Uses the greentic-bundle-dev tool. We turn one demo pack (quickstart.gtpack, which ships a real adaptive-card component) into a deployable bundle.

# Pick the pack and a workspace folder
set PACK /home/vampik/greenticai/greentic-demo/demos/quickstart.gtpack
set WORK /tmp/bundlebuild/quickstart

1Scaffold the bundle workspace

greentic-bundle-dev init $WORK \
    --bundle-name quickstart --bundle-id quickstart-bundle --mode create --execute

Does Creates an empty bundle "project" folder with its config files (bundle.yaml, a default tenant, and an access-policy file).

Why A bundle is more than a pack — it also carries identity (id/name) and a tenant access layer. This builds that skeleton so the next steps have somewhere to write.

Gotcha: --execute is required.
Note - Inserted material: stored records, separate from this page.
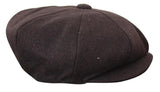 HT6363 - Moška vintage tweed kapa Newsboy Peaky Blinders - rjava/vinska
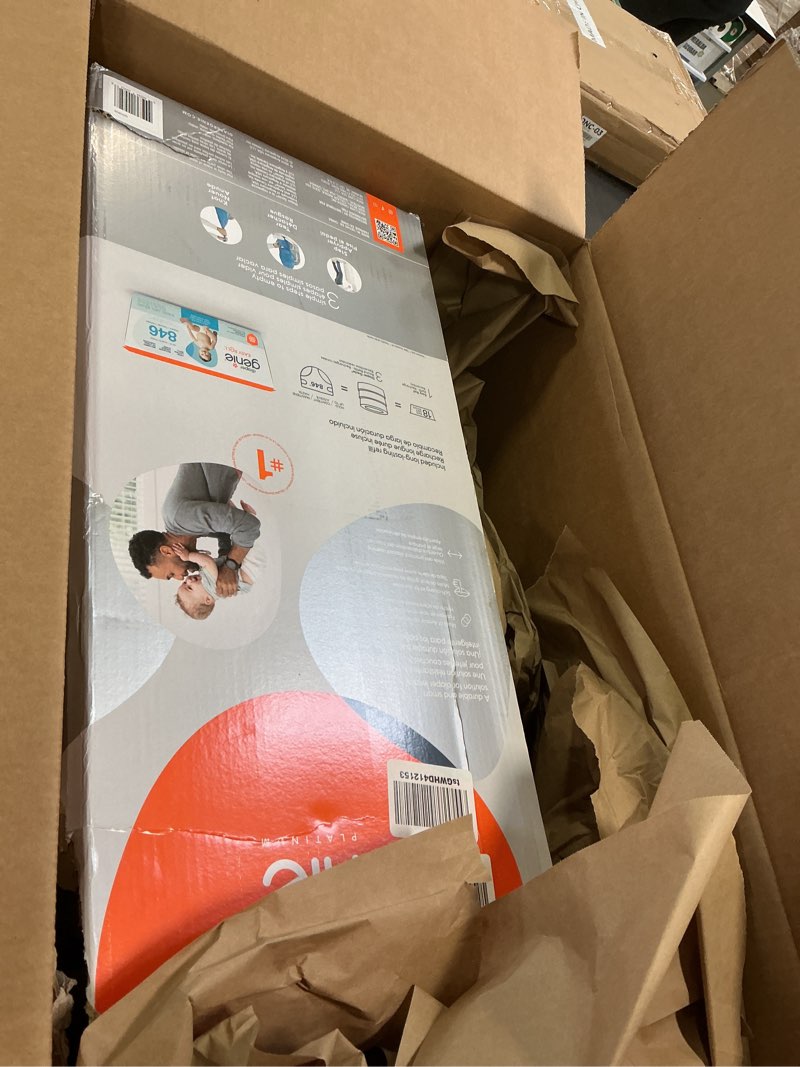 Condition photo showing Good Condition for Diaper Genie Platinum Pail (Lily White) is Made in Durable Stainless Steel and Includes 1 Easy Roll Refill with 18 Bags That can Last up to 5 Months.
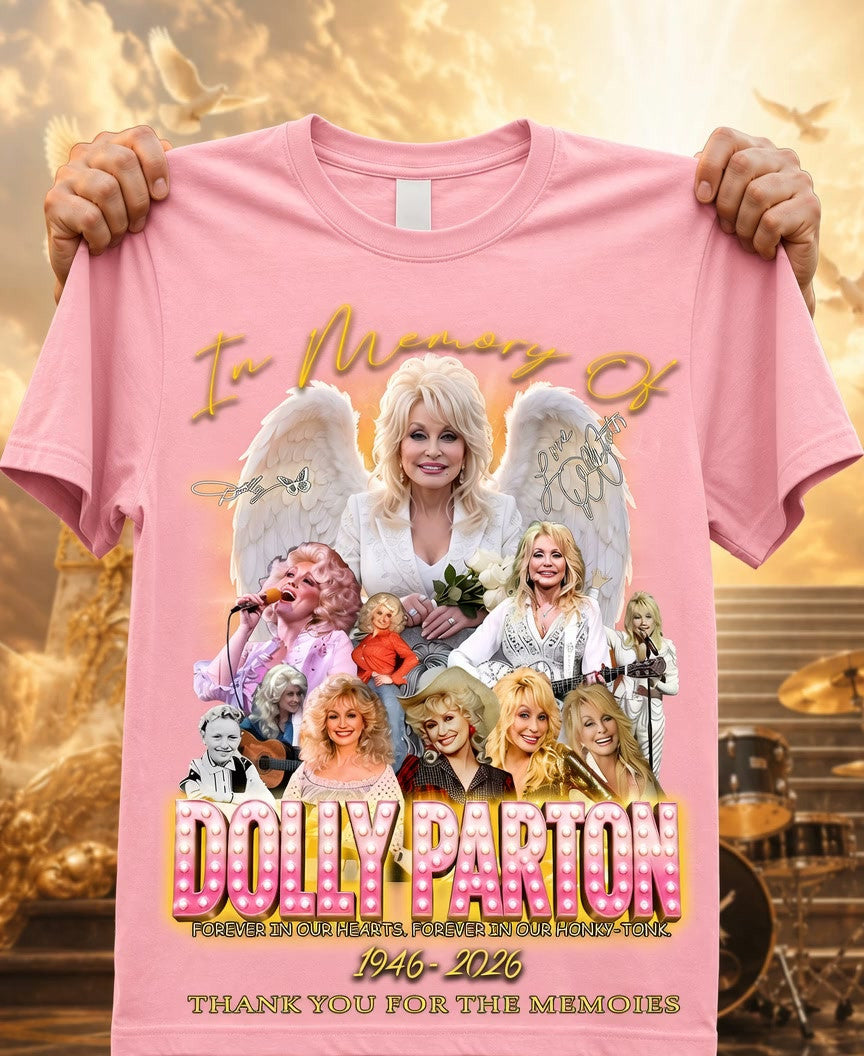 Dolly Parton Merch In Memory Of Dolly Parton T-Shirt 1946 2026 Thank You For The Memories Shirt - Merchluma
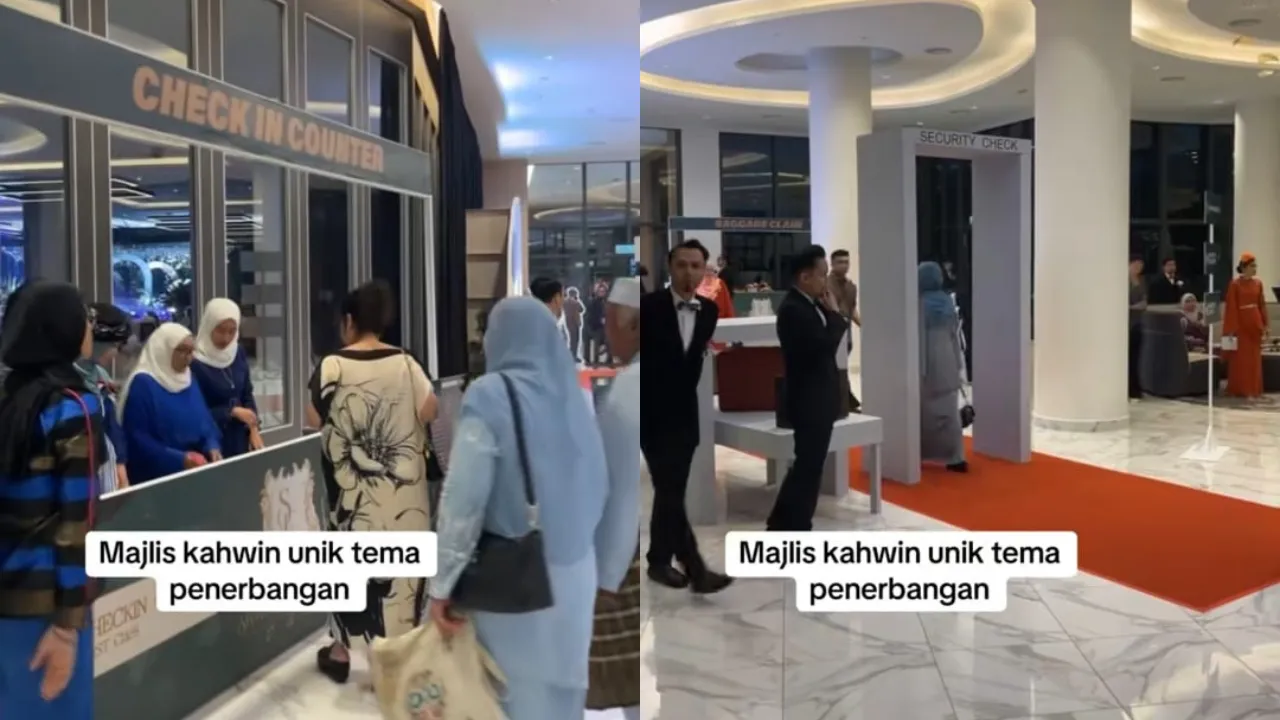 Couple Takes Their Love of Aviation to New Heights With a Wedding Featuring Check-In Counters & Baggage Claim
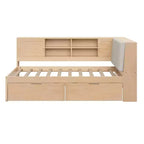 Wooden L-Shaped Daybed with Storage Headboard, USB Ports & Under-Bed Drawers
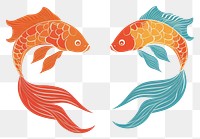 PNG Goldfish animal white background togetherness.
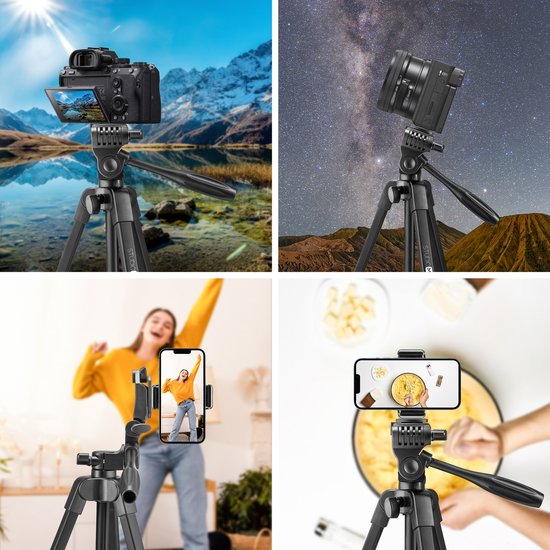 Studio ME Phone Tripod - 136 cm - Trépied Smartphone - Noir - Trépied pour appareil photo - Support pour téléphone - Télécommande Bluetooth incluse - Trépied Téléphone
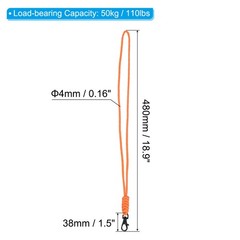 2pcs 19″ Paracord Lanyard Lobster Clasp Necklace Badge Holder Strap Cord, Orange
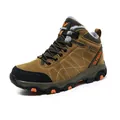 Men's high-top winter hiking boots in brown with warm fur lining and non-slip sole - 36 / Fleece Lined Style / Brown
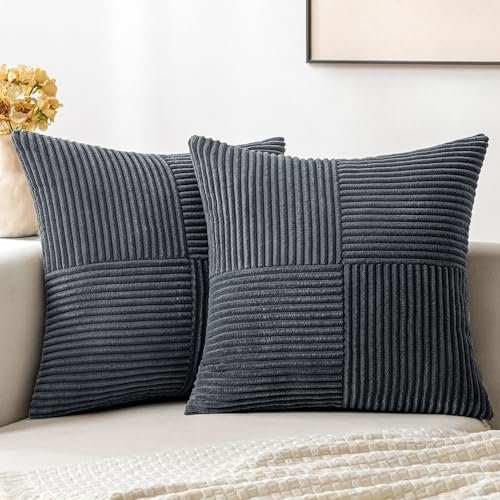 MIULEE 2er Set Kissenbezug 45x45cm Dunkelgrau Kissenhülle Kissenbezüge Sofakissen Dekokissen Boho Couchkissen Kord Dekorative Zierkissenbezug für Sofa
Without it the command only prints a preview and writes nothing.

2Put the pack inside the workspace

mkdir -p $WORK/packs
cp $PACK $WORK/packs/quickstart.gtpack

Does Copies the demo pack into the workspace's packs/ folder.

Why The build step scans packs/ and bakes every .gtpack it finds into the final bundle. If the pack isn't here, it won't ship.

3Register the pack as an app-pack

greentic-bundle-dev add app-pack ./packs/quickstart.gtpack --root $WORK --execute

Does Records the pack in bundle.yaml and re-generates the access policy so the tenant is allowed to use it.

Why Tells the bundle "this pack is officially part of me" and wires the permission entry, so the bundle manifest and access rules are consistent. (--execute again, or it just previews.)

4Build the artifact

greentic-bundle-dev build --root $WORK --output /tmp/bundlebuild/quickstart.gtbundle

Does Compresses the workspace (config + packs + access rules) into a single .gtbundle file.

Why This one file is the shippable, content-addressed artifact the runtime consumes. Everything downstream points at it.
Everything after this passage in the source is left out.